* Exercise objective:
Needed from the entries below: every line that holds the word "logo".

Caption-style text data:

[Start of section]

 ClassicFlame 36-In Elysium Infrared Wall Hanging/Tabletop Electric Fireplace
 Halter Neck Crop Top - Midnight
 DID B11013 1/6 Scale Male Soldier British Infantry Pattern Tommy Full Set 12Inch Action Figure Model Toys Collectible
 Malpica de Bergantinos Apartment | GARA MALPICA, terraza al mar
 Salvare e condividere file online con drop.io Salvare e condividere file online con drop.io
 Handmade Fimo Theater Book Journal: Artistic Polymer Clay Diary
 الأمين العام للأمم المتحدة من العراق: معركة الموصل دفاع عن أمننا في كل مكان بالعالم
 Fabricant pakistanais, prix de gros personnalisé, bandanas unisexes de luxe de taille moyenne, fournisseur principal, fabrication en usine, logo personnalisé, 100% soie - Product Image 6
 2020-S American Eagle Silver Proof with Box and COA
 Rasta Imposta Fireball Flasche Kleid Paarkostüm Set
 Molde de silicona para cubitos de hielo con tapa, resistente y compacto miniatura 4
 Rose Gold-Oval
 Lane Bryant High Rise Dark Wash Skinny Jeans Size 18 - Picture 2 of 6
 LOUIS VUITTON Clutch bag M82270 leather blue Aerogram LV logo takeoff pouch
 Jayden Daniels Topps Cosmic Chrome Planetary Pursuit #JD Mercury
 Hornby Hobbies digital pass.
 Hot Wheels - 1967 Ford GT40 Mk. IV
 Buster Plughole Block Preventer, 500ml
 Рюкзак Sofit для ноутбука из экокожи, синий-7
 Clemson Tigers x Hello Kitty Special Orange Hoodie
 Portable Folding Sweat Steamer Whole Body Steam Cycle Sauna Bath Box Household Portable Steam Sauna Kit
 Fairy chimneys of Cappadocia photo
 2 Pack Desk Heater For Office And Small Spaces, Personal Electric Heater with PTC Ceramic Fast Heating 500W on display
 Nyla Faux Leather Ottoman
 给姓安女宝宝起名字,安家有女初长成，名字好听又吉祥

[End of section]

* Answer to this problem:
 Fabricant pakistanais, prix de gros personnalisé, bandanas unisexes de luxe de taille moyenne, fournisseur principal, fabrication en usine, logo personnalisé, 100% soie - Product Image 6
 LOUIS VUITTON Clutch bag M82270 leather blue Aerogram LV logo takeoff pouch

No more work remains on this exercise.